Alarmed that area homes were being demolished and replaced with ones too large for their lots, neighbors ignited a vigorous grass roots campaign two years ago. Mailings went out to the Mile’s 1,400 properties. Public hearings were held, and, a historic resources survey found 80 percent of the structures qualify for the city historic preservation designation, according to Mark Zecca, chair of the Miracle Mile HPOZ committee.
In spite of the outreach, Realtor Jay Schoenfeldt says he first heard about the proposed measure just a few months ago. Subsequently, a “saynohpoz” website was born, and opposition has mounted. Schoenfeldt suggests new city zoning would better protect the historical integrity of the Mile.
“I’d like to see some alternatives that others have had that prevent mansionization but leave property rights intact,” Schoenfeldt said.

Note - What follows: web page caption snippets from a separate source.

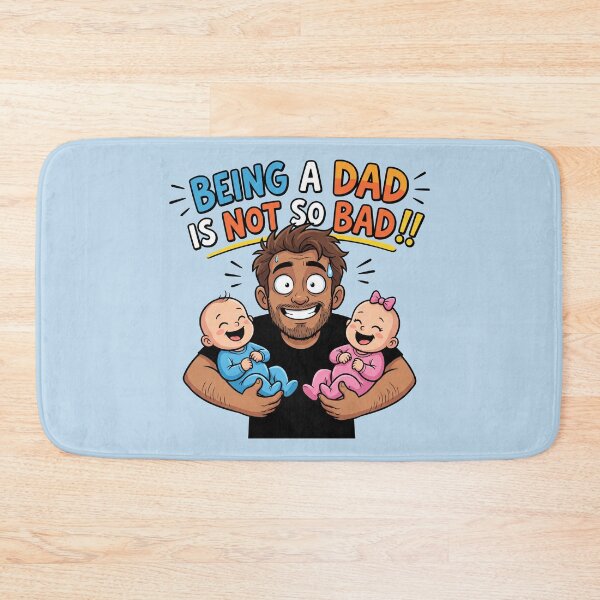 Item preview, Being a Dad Is Not So Bad – Happy Father with Babies 3 designed and sold by WordPlayStudio.
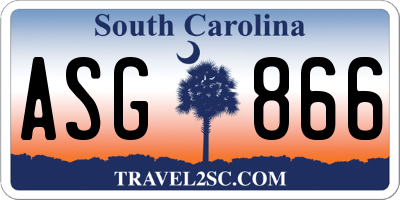 SC license plate ASG866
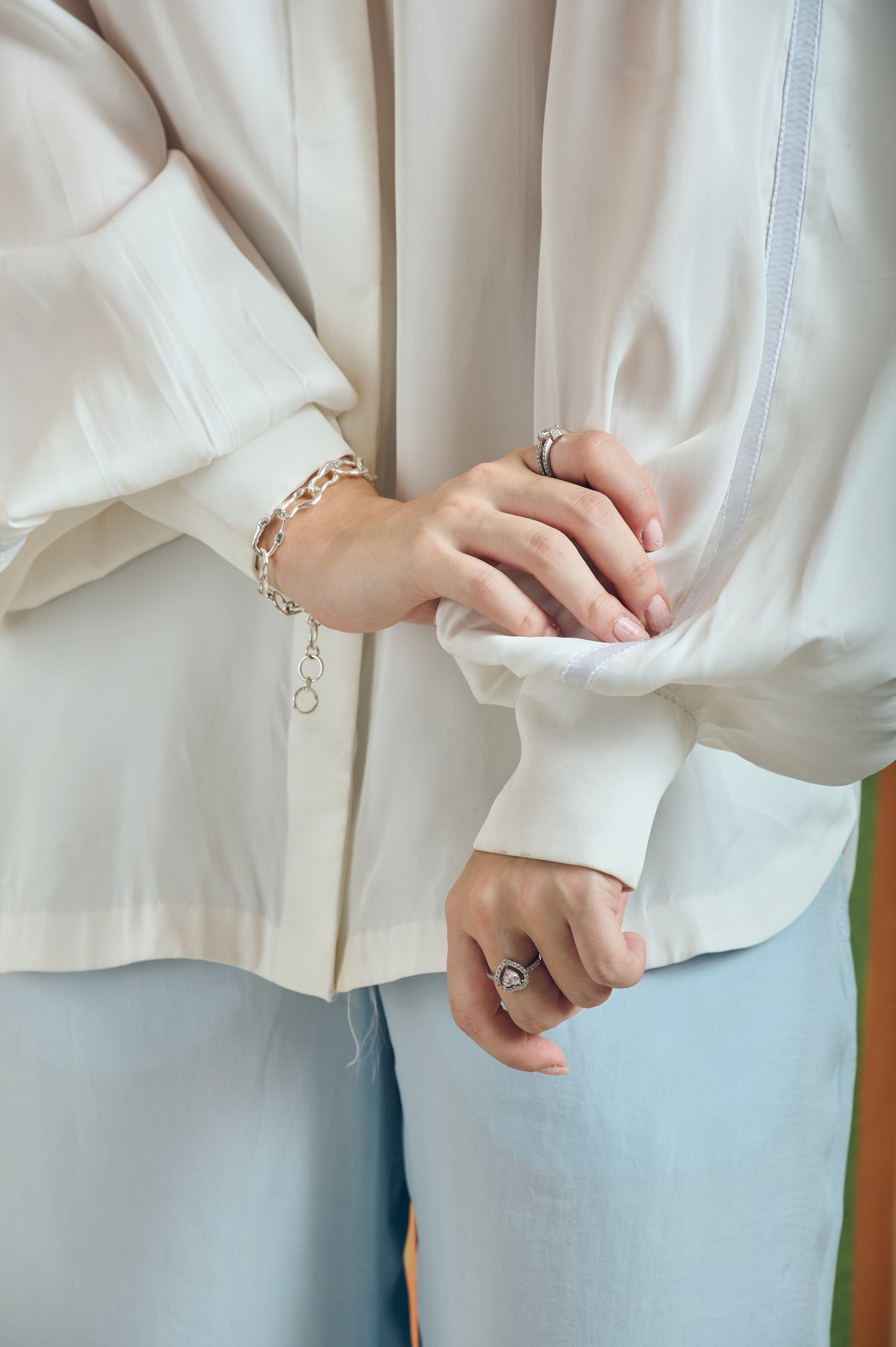 Bishop Sleeve Mandarin Shirt – Colosseum - White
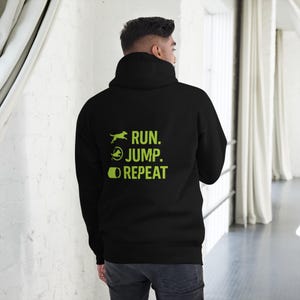 Run Jump Repeat Hoodie – Dog Agility Trainer Outfit Unisex Premium Hoodie
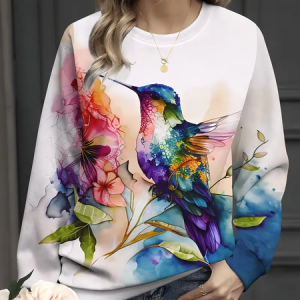 Women Bird Crew Neck Printing Casual Spring/Fall Long Sleeve Sweatshirt, JustFashionNow Sweatshirts & Hoodies, color:White|size:XXL,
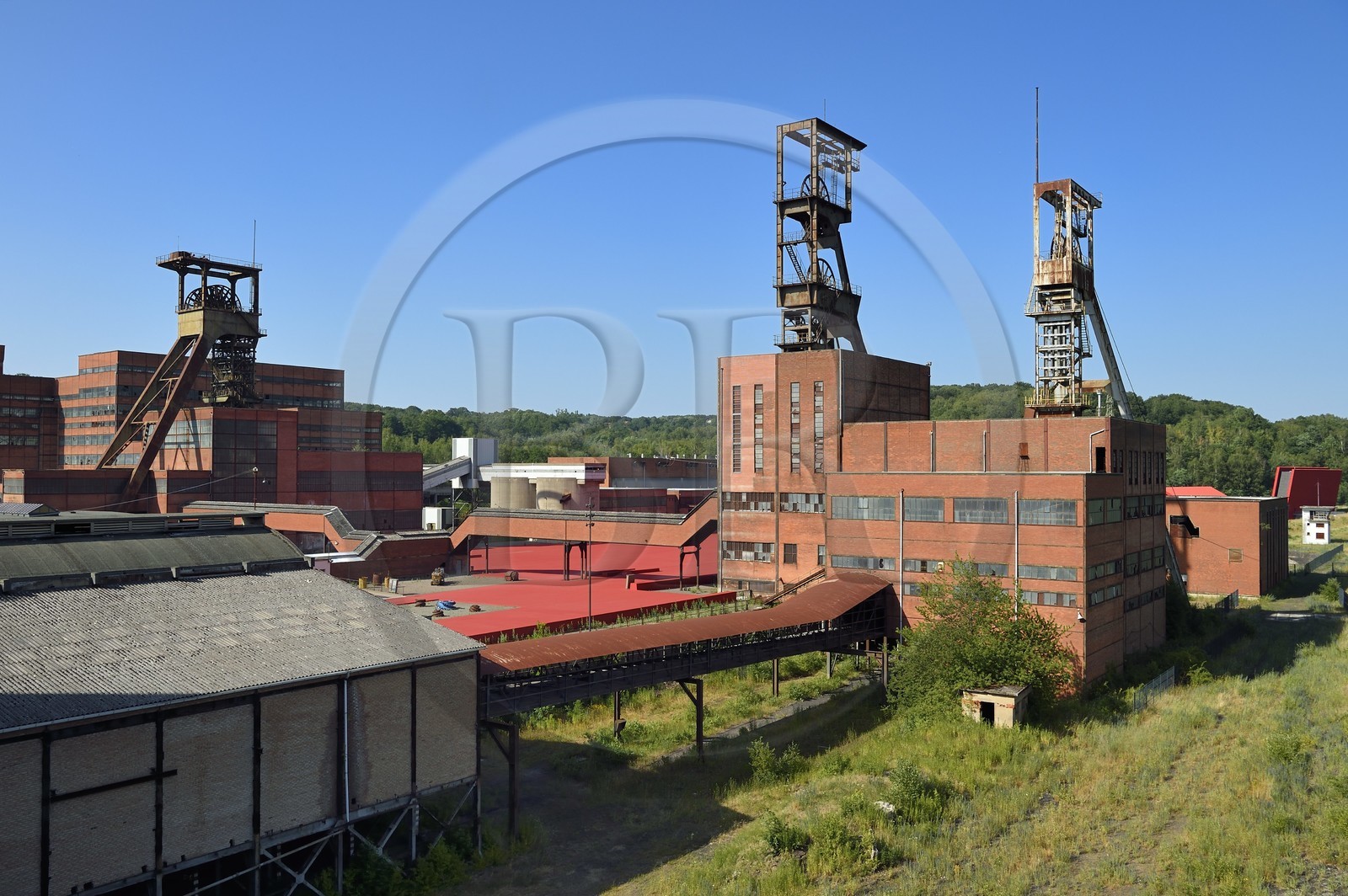 France, Moselle, Petite Rosselle, carreau Wendel museum, mine shafts headframe Wendel 3,2 and 1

These “alternatives” include the city’s redrafting of a Baseline Mansionization Ordinance (BM0), and new R-1 Variation Zones.
Another resident, Henry van Moyland, a U.K. native who has restored historic buildings across the pond, says the HPOZ’s Preservation Plan is too prohibitive and would limit owners from receiving the full financial benefit of their real estate.

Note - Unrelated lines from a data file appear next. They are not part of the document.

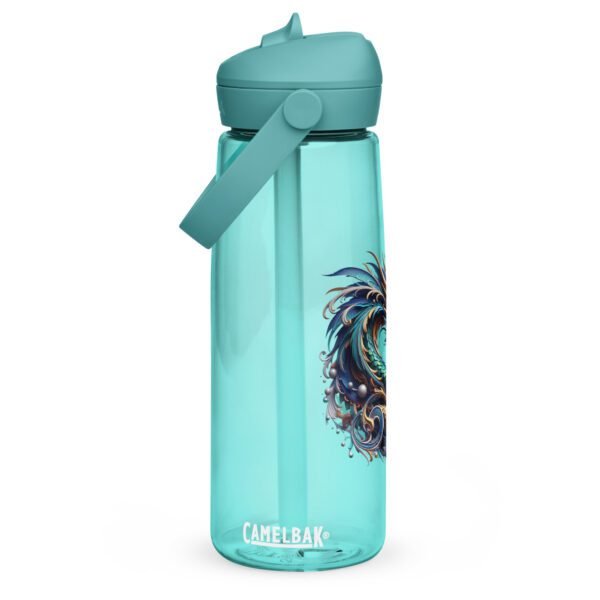 Botella de agua con tapa y pajita abatible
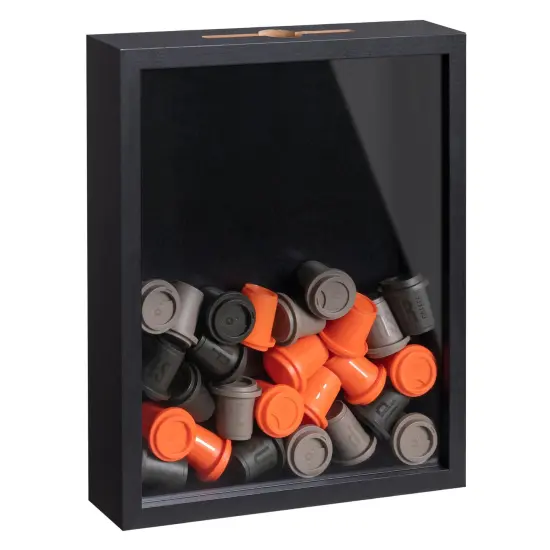 8x10 Inch Shadow Box with Real Glass Cover and Top Slot, Display Case Frame for Tickets, Flower, Pictures, Black {1}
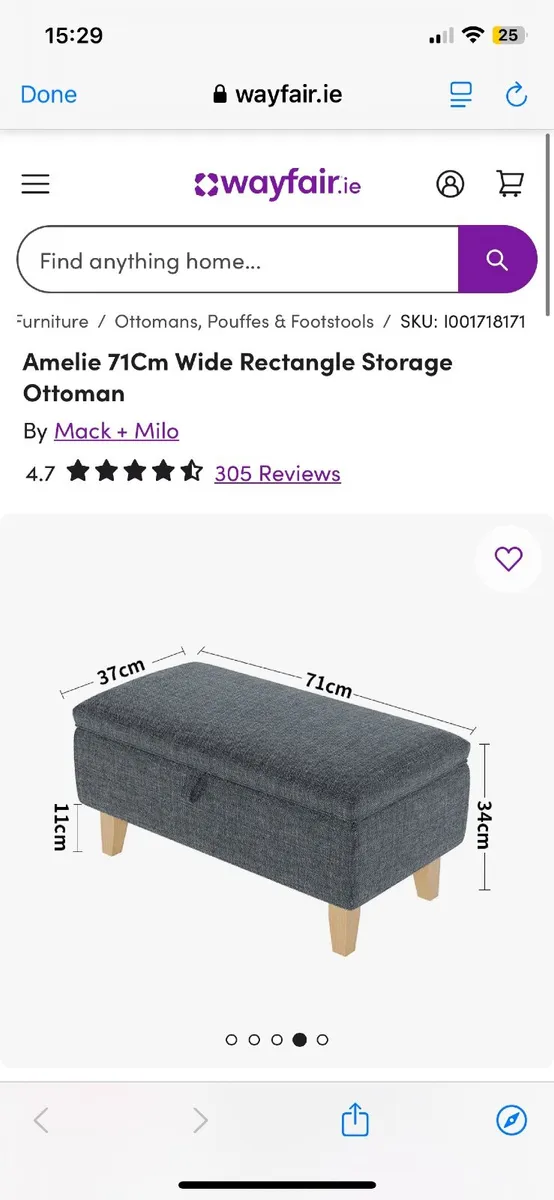 Grey Storage Ottoman - Image 2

Not so, says Ken Bernstein, manager, Office of Historic Resources, which governs the city’s HPOZs.
“The HPOZ’s Preservation Plan provides flexible guidelines to allow for changes and additions that meet the goals of individual property owners, while still protecting the historic character of the neighborhood.
“Across the city, our 30 existing HPOZs have typically experienced positive impacts on property values, as many potential homebuyers seek the unique historic authenticity and stable neighborhood character found in a historic district.”
The alternatives suggested — the BMO and R-1 Variation Zones — address massing and scale of new construction. In contrast, HPOZs protect the neighborhood’s cohesive character, Bernstein added.
According to the MMRA November newsletter, the opponents’ “campaign has played fast and loose with the facts, but their one accurate and salient attack was aimed at the somewhat obtuse language in the draft Preservation Plan, which serves as the design guidelines for the HPOZ.
“The devil is always in the details, and both sides agreed that the language in the Preservation Plan, as written, was too ambiguous and could be interpreted to be more restrictive than desired,” says the newsletter.
To address these concerns, Bernstein and his staff are busy reworking the 78-page Preservation Plan and addressing a dozen issues agreed to by opponents and proponents alike.
They include no regulation of paint colors, grandfathering property exteriors, allowing for sensitive second-story additions and modern design in some cases, and guidelines that only will apply to what is visible from the street.
“I am confident we will achieve a balanced plan for the area. We are all neighbors and want to protect the charm of the area. The ICO (interim control ordinance) expires in March. Without a plan in place, the Miracle Mile will be naked and vulnerable to these developers,” said Zecca.
Why an HPOZ? Most single-family residences and apartment buildings in the Miracle Mile were built in Period Revival styles of architecture, including Spanish Colonial, Tudor, Mediterranean, French and American Colonial, according to the city Historic Resources website.
“Historically, the area was well-planned with commercial on Wilshire, and, below, multi-family and single-family homes to provide housing for an array of people and incomes.
“It was very forward thinking at the time,” added Zecca, “because it laid out a mix of housing for people who can rent an apartment or buy a house… It’s a neighborhood where the average worker or executive can live. Its first immigrants were Jewish immigrants. Los Angeles had restrictive laws, which did not allow them and other minorities to live in many places. Miracle Mile did not.”